### What to do
Lines from the top of the entries down to the line with "Image No.17-2 Bed Apartment for sale" must be set down exactly as they stand, with both ends retained.

### Supplied records
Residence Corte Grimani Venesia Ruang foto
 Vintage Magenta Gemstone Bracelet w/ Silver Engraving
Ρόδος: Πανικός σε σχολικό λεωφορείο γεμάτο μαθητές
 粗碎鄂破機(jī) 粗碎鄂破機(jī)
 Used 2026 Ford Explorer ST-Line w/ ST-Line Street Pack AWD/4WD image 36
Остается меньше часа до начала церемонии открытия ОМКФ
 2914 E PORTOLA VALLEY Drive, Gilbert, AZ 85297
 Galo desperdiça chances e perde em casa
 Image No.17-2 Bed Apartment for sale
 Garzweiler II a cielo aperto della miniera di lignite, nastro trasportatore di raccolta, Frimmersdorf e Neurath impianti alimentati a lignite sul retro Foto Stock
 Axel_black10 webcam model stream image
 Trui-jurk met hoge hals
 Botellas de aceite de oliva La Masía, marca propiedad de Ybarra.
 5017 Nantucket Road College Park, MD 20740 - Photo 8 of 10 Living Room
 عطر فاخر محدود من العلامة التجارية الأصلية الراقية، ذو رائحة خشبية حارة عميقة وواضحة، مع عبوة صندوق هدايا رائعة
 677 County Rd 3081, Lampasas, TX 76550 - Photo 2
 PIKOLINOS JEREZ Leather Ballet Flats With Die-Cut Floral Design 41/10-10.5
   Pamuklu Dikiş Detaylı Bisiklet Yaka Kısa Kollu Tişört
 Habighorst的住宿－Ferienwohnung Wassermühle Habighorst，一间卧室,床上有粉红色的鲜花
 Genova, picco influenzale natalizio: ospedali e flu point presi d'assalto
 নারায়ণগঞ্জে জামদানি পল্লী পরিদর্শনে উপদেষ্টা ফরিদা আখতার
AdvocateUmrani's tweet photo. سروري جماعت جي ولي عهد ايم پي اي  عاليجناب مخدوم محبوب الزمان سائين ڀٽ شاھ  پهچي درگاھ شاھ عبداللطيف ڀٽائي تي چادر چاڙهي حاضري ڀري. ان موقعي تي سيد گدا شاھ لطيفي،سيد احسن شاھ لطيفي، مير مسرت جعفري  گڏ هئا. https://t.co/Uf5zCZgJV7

### Written reply
Residence Corte Grimani Venesia Ruang foto
 Vintage Magenta Gemstone Bracelet w/ Silver Engraving
Ρόδος: Πανικός σε σχολικό λεωφορείο γεμάτο μαθητές
 粗碎鄂破機(jī) 粗碎鄂破機(jī)
 Used 2026 Ford Explorer ST-Line w/ ST-Line Street Pack AWD/4WD image 36
Остается меньше часа до начала церемонии открытия ОМКФ
 2914 E PORTOLA VALLEY Drive, Gilbert, AZ 85297
 Galo desperdiça chances e perde em casa
 Image No.17-2 Bed Apartment for sale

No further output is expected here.